**Task directions:**
Would you please reproduce all the entries exactly, leaving the pictures out?

**Extracted entries:**
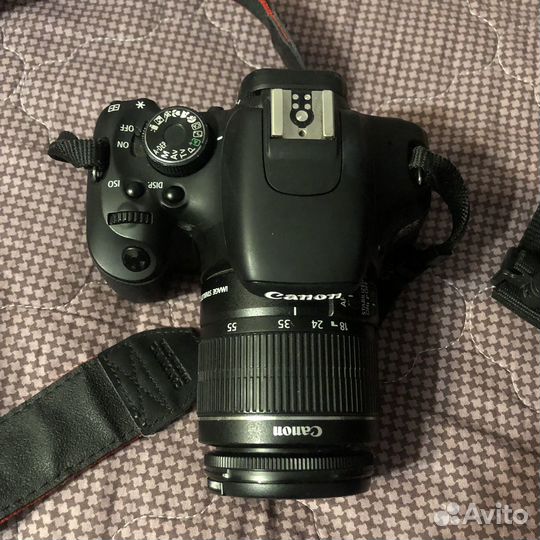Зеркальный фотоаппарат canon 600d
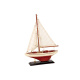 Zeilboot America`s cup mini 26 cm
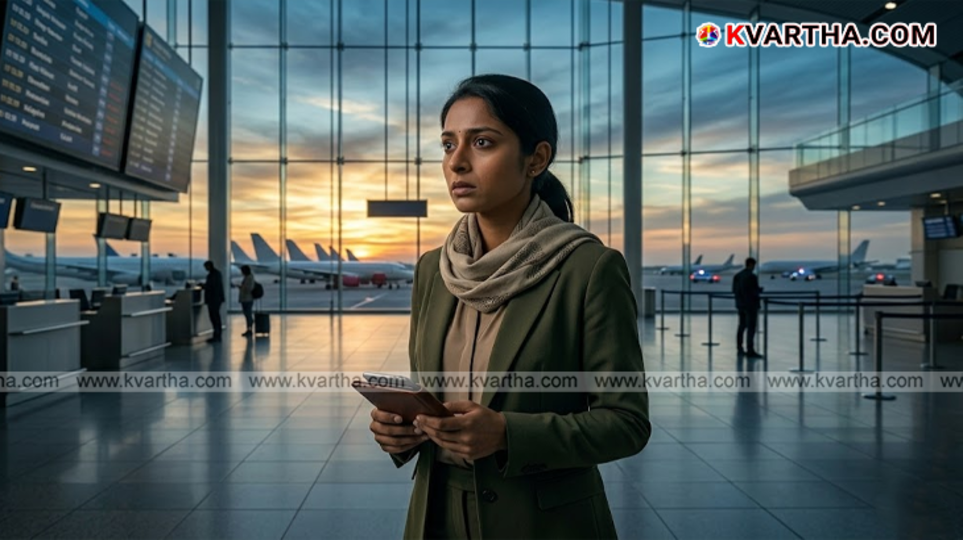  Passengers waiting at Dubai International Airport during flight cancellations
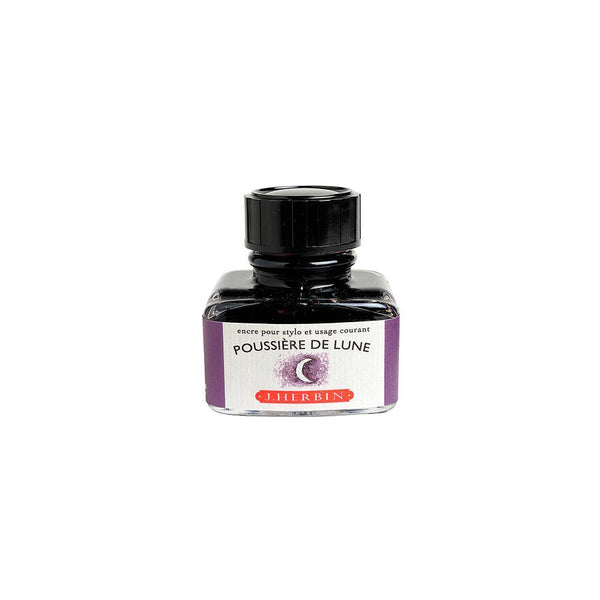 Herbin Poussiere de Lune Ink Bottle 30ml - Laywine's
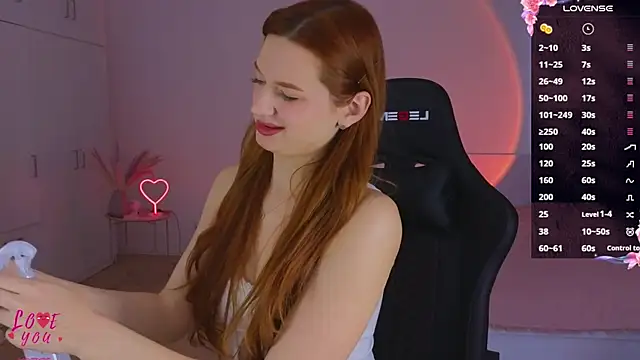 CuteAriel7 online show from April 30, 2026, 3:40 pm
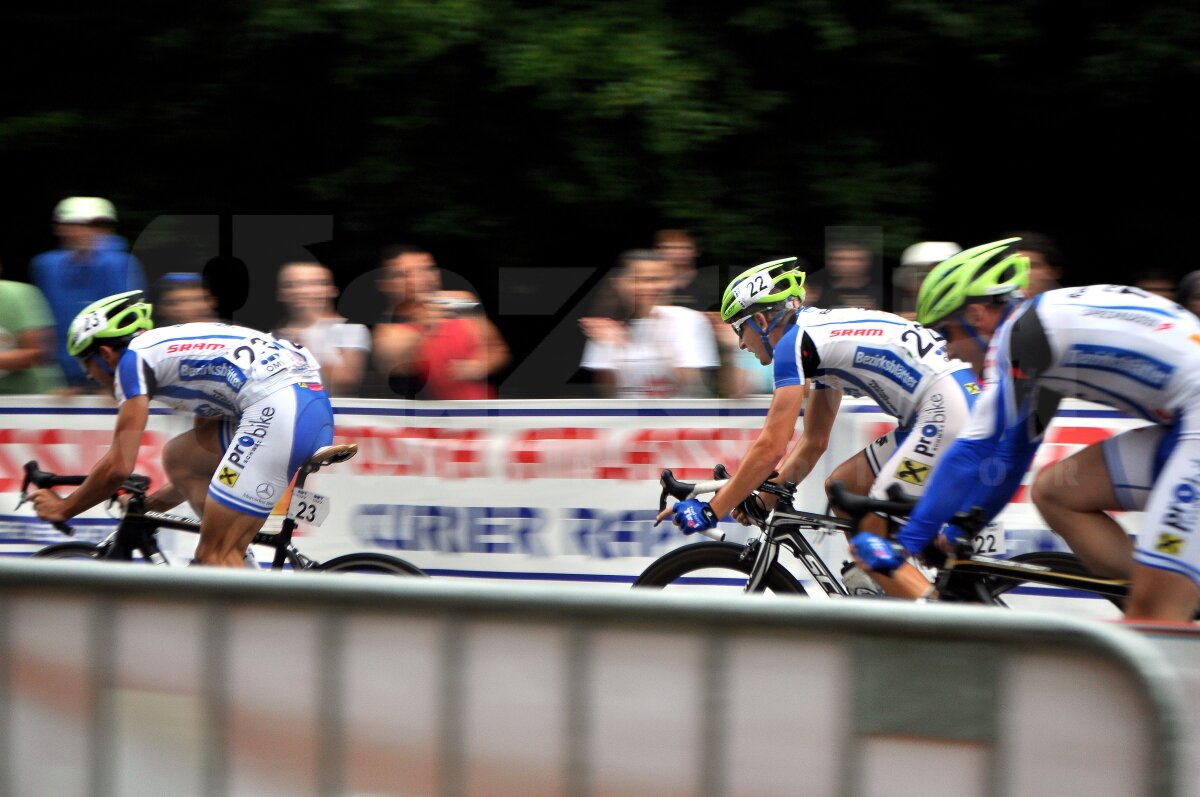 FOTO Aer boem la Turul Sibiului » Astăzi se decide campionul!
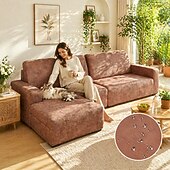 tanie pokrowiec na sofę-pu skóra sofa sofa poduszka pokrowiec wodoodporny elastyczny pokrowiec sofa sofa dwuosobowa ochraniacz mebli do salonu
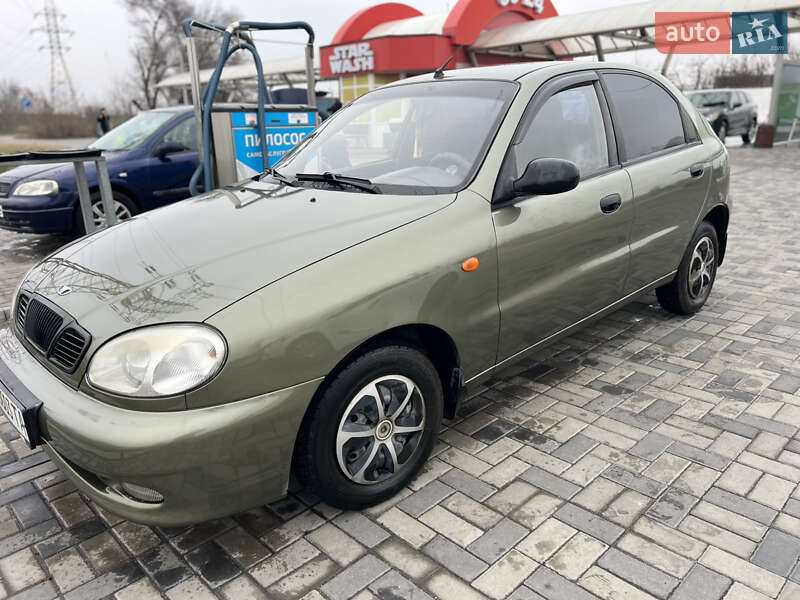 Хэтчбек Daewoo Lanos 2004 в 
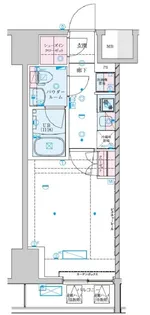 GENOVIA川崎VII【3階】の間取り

**Exercise response:**
Зеркальный фотоаппарат canon 600d
 Zeilboot America`s cup mini 26 cm
  Passengers waiting at Dubai International Airport during flight cancellations
 Herbin Poussiere de Lune Ink Bottle 30ml - Laywine's
 CuteAriel7 online show from April 30, 2026, 3:40 pm
 FOTO Aer boem la Turul Sibiului » Astăzi se decide campionul!
 tanie pokrowiec na sofę-pu skóra sofa sofa poduszka pokrowiec wodoodporny elastyczny pokrowiec sofa sofa dwuosobowa ochraniacz mebli do salonu
 Хэтчбек Daewoo Lanos 2004 в 
 GENOVIA川崎VII【3階】の間取り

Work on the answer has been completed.